O romance, a paixão e o amor


O amor, em O encantador de cavalos. Thomas, suntuosa e linda,
Redford com sua insuperável delicadeza de Homem.
 

A recente obra de Regina Navarro Lins, O livro do amor, da BestSeller, é uma fonte segura tanto para historiadores e teóricos do amor, quanto para o público em geral que busca saber como é que o sentimento se desenvolveu ao longo dos séculos e mesmo milênios.

Isso mesmo. O conceito de amor não é e nem nunca foi algo bruto e imutável, original e alheio a sensações culturais.  Vê-se no livro que há 5000 anos, a mulher era considerada indigna de amor, vivia encarcerada, à espera do marido. Pode-se perceber aí uma das manifestações embrionárias do machismo em que a sobrepujação da força física masculina impunha padrões de conduta.

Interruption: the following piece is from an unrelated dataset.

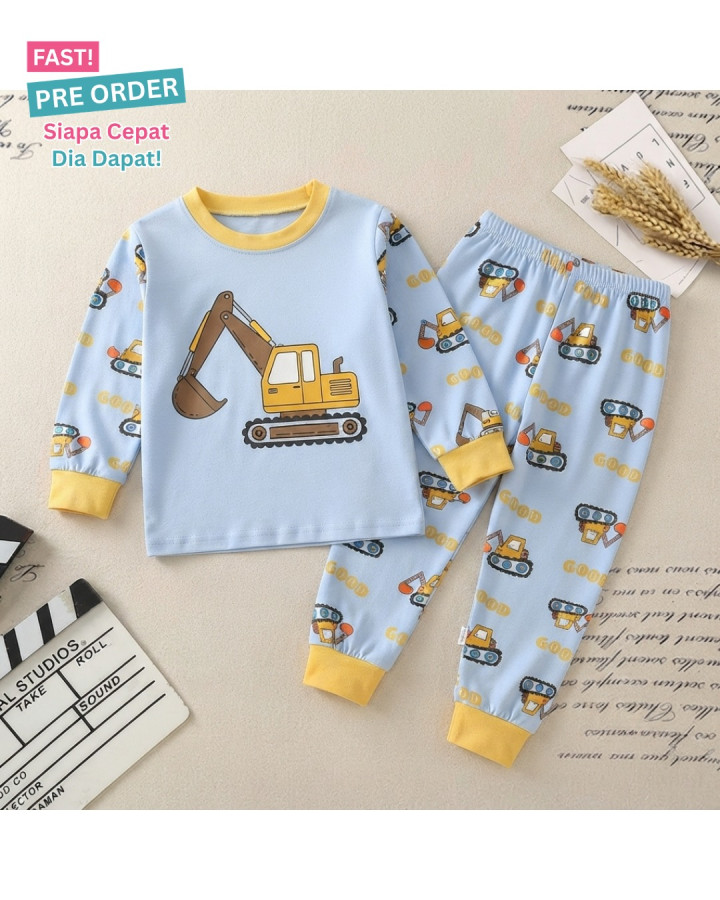 FAST PO HAPPY NAP TODDLER PAJAMAS (Series 2 )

Também se vê  que o amor é uma construção social, em cada época de um jeito e modo. Isso afastará a ideia de pureza do sentimento, de originalidade dele como pertencente soberanamente ao ser humano enquanto fator próprio de um sentir puro. Se o amor é também influenciado por uma construção social, essa constatação por si só mostra que padrões culturais diversos, de grupos sociais, por exemplo, rechearão diferententemente o sentimento. Uma gente de uma espécie ou padrão cultural amará "diferentemente" de outra.

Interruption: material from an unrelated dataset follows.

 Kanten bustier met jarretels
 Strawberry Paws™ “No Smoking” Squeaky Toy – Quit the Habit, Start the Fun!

Também se aprende que com a vinda do Cristianismo, o amor só podia ser a Deus, uma violência cultural própria dos povos atrasados e religiosamente fundamentalistas, como, todavia, ainda há hoje em dia, nesse sistema bancário da fé. Assim, até o século 12 o amor físico foi inviabilizado, havia pesada repressão à sexualidade. Ou seja, era o reino da mentira em que o sentir amoroso e sexual precisava ser contido, mentido e negado. De novo, como se vê em padrões religiosos atuais castradores e que optam por uma contramão da história, da ciência, do conhecimento e do progresso social.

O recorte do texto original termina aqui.